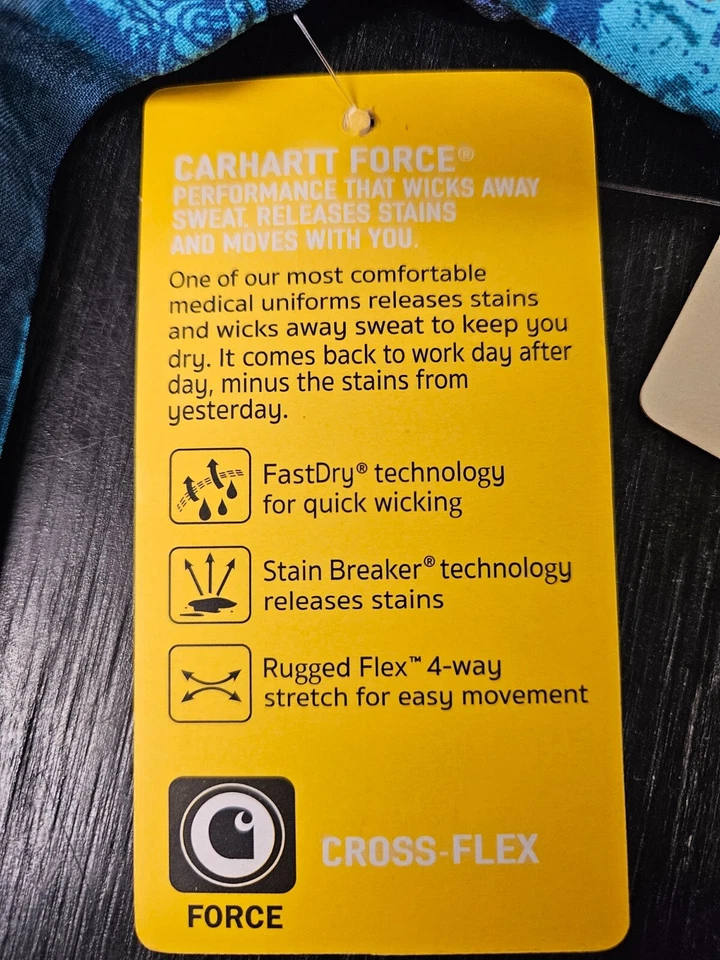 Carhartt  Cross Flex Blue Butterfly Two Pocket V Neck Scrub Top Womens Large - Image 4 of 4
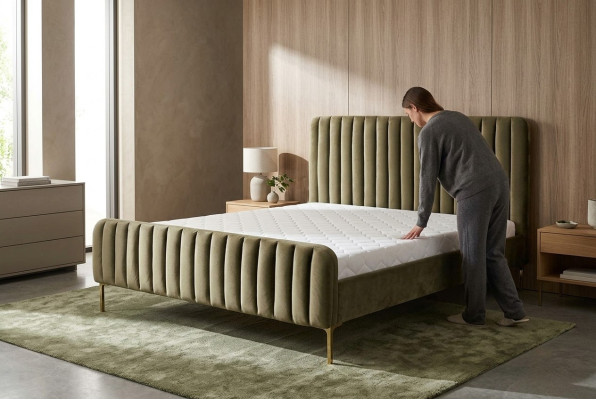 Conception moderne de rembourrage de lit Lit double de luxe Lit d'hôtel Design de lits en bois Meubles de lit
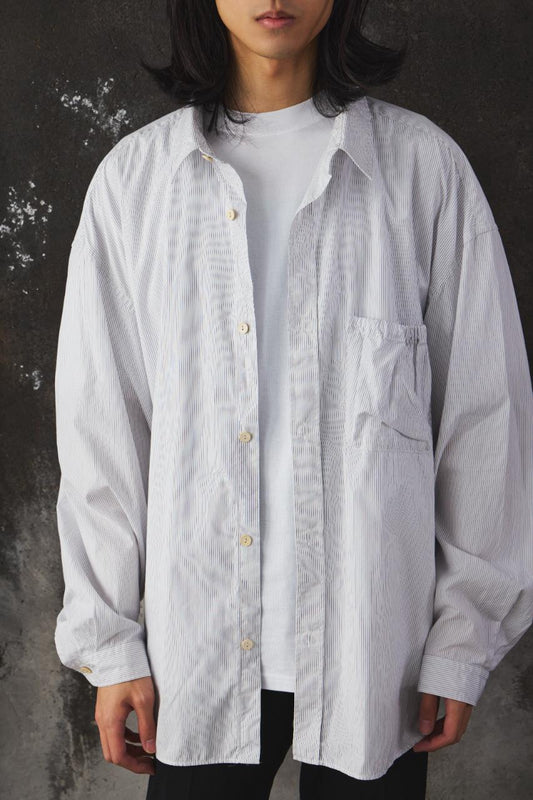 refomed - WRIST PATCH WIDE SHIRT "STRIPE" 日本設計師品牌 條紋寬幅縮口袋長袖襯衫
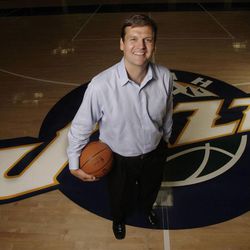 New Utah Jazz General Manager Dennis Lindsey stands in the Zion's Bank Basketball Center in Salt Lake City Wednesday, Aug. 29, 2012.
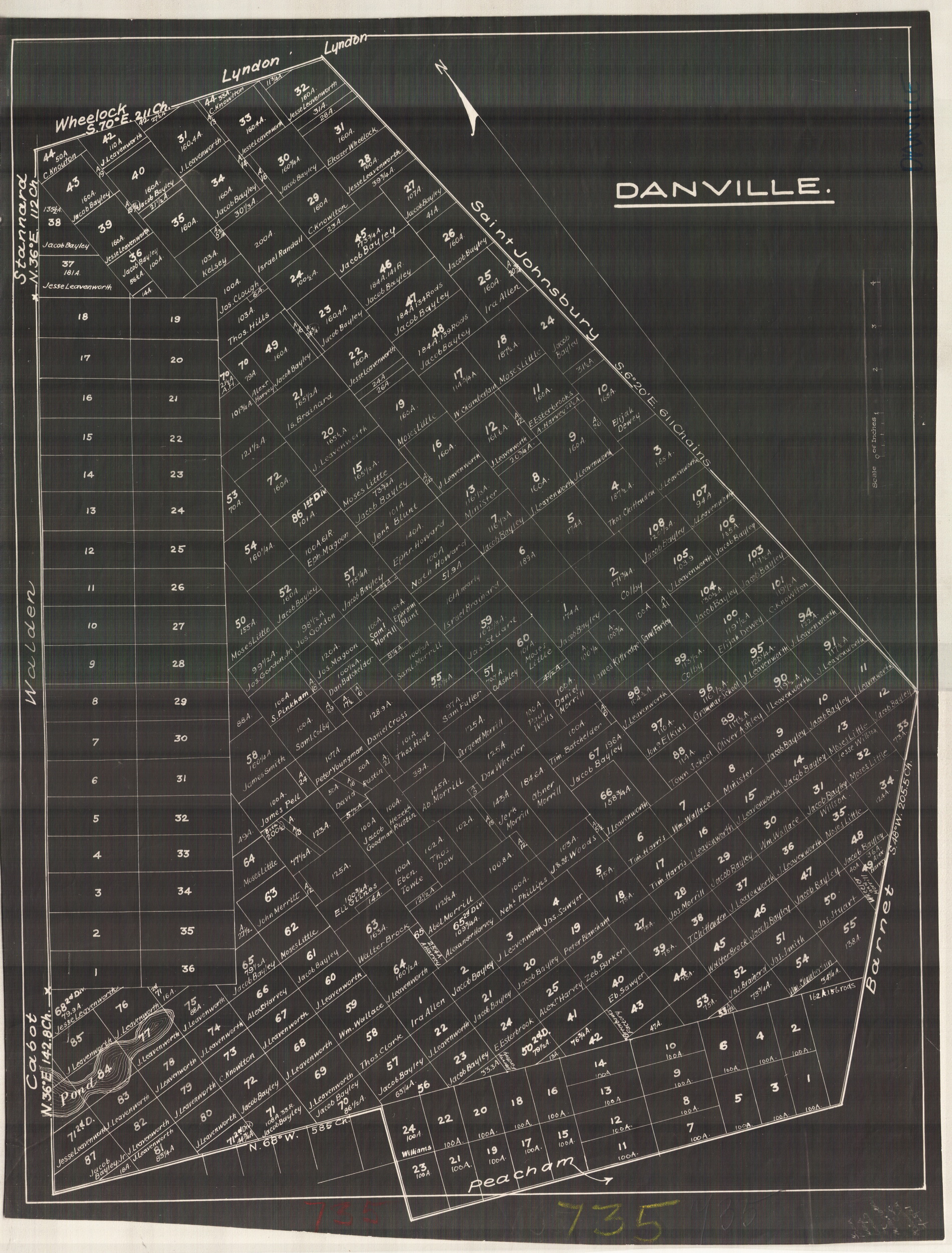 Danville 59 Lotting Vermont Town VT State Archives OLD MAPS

* Assignment:
Exact copy, no images: rewrite the entire listing above.

* Answer space:
 Carhartt  Cross Flex Blue Butterfly Two Pocket V Neck Scrub Top Womens Large - Image 4 of 4
 Conception moderne de rembourrage de lit Lit double de luxe Lit d'hôtel Design de lits en bois Meubles de lit
 refomed - WRIST PATCH WIDE SHIRT "STRIPE" 日本設計師品牌 條紋寬幅縮口袋長袖襯衫
 New Utah Jazz General Manager Dennis Lindsey stands in the Zion's Bank Basketball Center in Salt Lake City Wednesday, Aug. 29, 2012.
 Danville 59 Lotting Vermont Town VT State Archives OLD MAPS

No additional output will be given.